Conflict can be defined as a struggle or contest between people with opposing needs, ideas, beliefs, values, or goals, when the concerns of groups appear to be incompatible. Sources of conflict include interpersonal conflict, competition for resources and inherent diversity of people such as culture, race, gender, attitude, goals, attitudes, profession or organization. Unresolved conflicts result in wars on a large scale and in divorces on a personal level.

However conflict is good for us because it challenges our relationship and allows us to grow. These are issues that punctuate a long term relationship that if worked through can result in a stronger bond; and is a process that allows diversity to stimulate growth & improve relationships.

People respond to conflict by FIGHT or FLIGHT. We want to "get away from the conflict" or we are ready to "take on anyone who comes our way." The Thomas-Kilmann Conflict Mode Instrument (TKI) is a widely used test that describes 5 conflict styles based on 2 dimensions: 1) Assertiveness- Satisfy SELF & 2) Cooperativeness Satisfy OTHERS. The 5 styles are competing, accommodating, avoiding, collaborating, and compromising.

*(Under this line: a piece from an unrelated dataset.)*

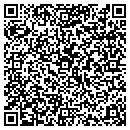 QR code with Zaki Publishing contacts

For example, competing is used when you have authority over others, if quick or unpopular decisions are required; it involves debating or arguing and standing your ground. Compromising is best if opponents of equal power must negotiate, make concessions or share to achieve common goals. Collaborating, takes significant time and energy, is beneficial for important issues or relationships such as a marriage. Accommodation yields, obeys and is selfless by satisfying others, keeping the peace or being a "saint". Avoidance withdraws and sidesteps issues; is useful in reducing tension, when you have no power, or others can resolve the conflict more effectively.

We are capable of utilizing all five styles; however everyone has one or two primary or "preferred" styles. Self awareness requires that we recognize our primary conflict style as well as the style of those we engage in conflict. Effective self & relationship management requires that we choose the most appropriate conflict style given the situation.